I’ve been playing solo, which means there are only two characters in the game: Me and the planet I’m on. When I started out, I was completely at the mercy of my environment. If I strayed from the general vicinity of my pod for more than a minute or so, I’d start suffocating. I was able to collect resources within a region the size of a rich person’s backyard. I could only wonder what lay off in the distance.

I Love Astroneer For Its Optimism

Astroneer‘s early goings, especially, are about discovery — both in terms of understanding your environment and learning what you’re capable of. Each tiny step forward is a triumph. When I first figured out I could build tethers to create oxygen-rich pathways away from my base, I nearly whooped with glee. I’ll be honest: It took me an hour and a half to figure out tethers were a crucial game mechanic. A tutorial would have been much quicker. But I got to figure it out! Me!

Astroneer encourages you to constantly feel awed by yourself and your surroundings. “You’re an intelligent human,” it basically says. “You can do this without hand-holding.” It tells you almost nothing, but it guides you through feeling. You get all this delightful visual and sonic feedback when you collect something, or create something, or even just admire your surroundings:

The game encourages you to explore, to do, to try. It believes in you. It does not, however, want you to become complacent. Even once I built out my base a bit and knit together a web of oxygen-bestowing tether tendrils, I had to remain acutely aware of my surroundings. One ill-conceived small step or giant leap could land me at the bottom of a hole, or lost in a cave, slowly suffocating and choking on gasses emitted by bulging alien flora.

The cumulative effect of all this is that you really get to know the planet you’re on. You gain ground slowly, venturing out a little further each time before returning to your base. Before long, places that once seemed leering and dangerous start to feel like home. They’re part of your daily walk, your routine.

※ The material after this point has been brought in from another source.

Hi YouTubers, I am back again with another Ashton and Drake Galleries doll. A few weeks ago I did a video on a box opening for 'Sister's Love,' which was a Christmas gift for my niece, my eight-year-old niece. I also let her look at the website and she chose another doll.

Some resources replenish over time, creating further incentive to revisit areas every once in a while. In my case, this had the added effect of reminding me that while I hadn’t encountered any aliens, per se, this place was alive. Astroneer‘s interface for resource gathering revolves around reshaping the land, but you can create as well as destroy. Once I realised this, I started meticulously filling in all the chunks of land I ripped out. I didn’t want to leave this big, beautiful place I’d come to love pockmarked with pot holes and other ugly footprints. I didn’t want to take over it or dominate it. I didn’t want to use it and move on. I wanted to be part of it.

I Love Astroneer For Its Optimism

It’s a far cry from other survival games I’ve played, which pit you against the land and the life that populates it, whether it’s controlled by AI or other players. There’s a ruthless sort of cynicism present in the mechanics of those games. “Get yours before somebody else does,” they seem to say. “Control, conquer, dominate. Build the best base and fuck who or whatever stands in your way.”

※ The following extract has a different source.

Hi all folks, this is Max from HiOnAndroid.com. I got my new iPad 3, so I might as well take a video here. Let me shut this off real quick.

That’s not to say games like Ark: Survival Evolved, Rust and Don’t Starve aren’t fun — they’re extremely good games — but they’re not particularly hopeful ones. Even No Man’s Sky, which I initially read as a sort of anti-colonial game, still felt the need to sick drone robots on you if you started getting too handsy with the scenery. It was a game built with the idea of human greed in mind.

I Love Astroneer For Its Optimism

What’s amazing about Astroneer is that it doesn’t hem you in. Not explicitly, anyway. The game is almost entirely wordless. And yet, I figured out so many things, discovered so many places and came to the conclusion that I should work with my environment, not against it, to succeed, all on my own.

Those messages are embedded in the mechanics, and they’re good messages. People are smart, and we don’t have to be harmful or inconsiderate to progress. Our future could be one of peaceful, mindful exploration — rather than one of fighting, domination and subjugation — if we seek to understand the unknown instead of fearing it. Astroneer feels like a game that believes in people, and I’m glad I found it when I did.